The Sunday morning bird fair at Club Row, Shoreditch, in the nineteenth century. (This building which still stands at the corner of Sclater St and Brick Lane was the original pie and mash shop opened by Robert Cooke in 1862, the great-grandfather of the current Robert Cooke whose family establishment opened in Broadway Marker in 1900. In recent years this building was renovated by Jim Howett.)
From Brick Lane, looking East down Hare St, (now called Cheshire St).
From Brick Lane, looking West down Sclater St.
In Club Row.
Selling puppies in the nineteen twenties at Club Row market.
Images copyright © Bishopsgate Institute
You may also like to read
Dog Days at Club Row Market by Ronald Searle and Kaye Webb
STOLEN PETS SOLD HERE begasn to be daubed on the walls around Club Row from the mid 1970’s and it was probably true. Old men and crombie clad teen used to hide puppies inside their coats like war time spivs, whisking them for a little whimper as people walked by. The same teens who sold suspiciously second hand bycycles also did a range of dogs on strings that didn’t seem to know them very well.

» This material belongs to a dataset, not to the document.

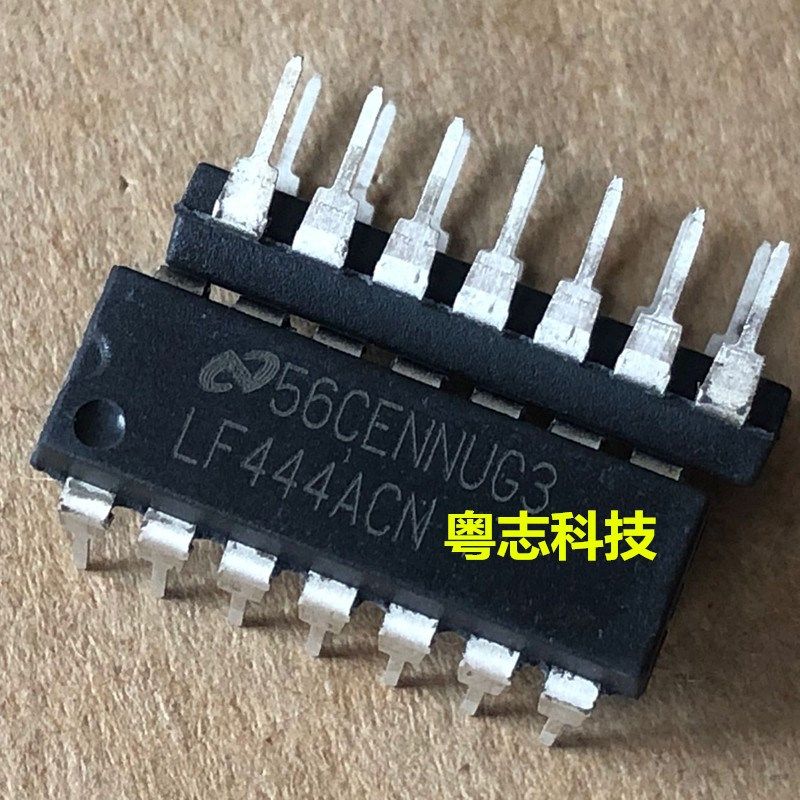 LF444ACN 全新原装进口 运算放大器 直插DIP14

God, I need to proof read!
In the early ’80’s when I lived off Bethnal Green Road there was a pub on Club Row where on a Sunday people sold canaries and other live birds in cages. It was an extraordinary sight, this marvelous old pub full of stacked up cages of exotic screetching birds. The pub is now called Le Trois Garcons and the wildlife is taxidermy
Hi
I am researching my family and have been told that my great grandfather worked at Spitalfields and was known as The Mutton King-his name was John Daniel Michael Foley. Does anyone know whether there are any books or researchers that might know about the people at Spitalfields?
He would have been there between 1880 and 1920 I think.
Ta
I cannot believe that I have only just found this but a belated thank you GA for this piece by James Greenwood, my great grandfather’s cousin. I am always so interested to see anything that he wrote, and although there is quite a bit online now, I haven’t seen this before. James wrote as the Amateur Casual throughout his long life but he is mostly known now for his account of a night which he spent in the casual ward of Lambeth Workhouse; this was written for his brother, Frederick Francis Greenwood, who was the editor of the Pall Mall Gazette, and published there in, I think, three parts. Frederick Francis Greenwood wrote in his letters to his daughter, Kate, about the cage birds which they always seem to have kept so I guess that this abhorrent practice occurred throughout all levels of Victorian society, something we find very hard to understand now.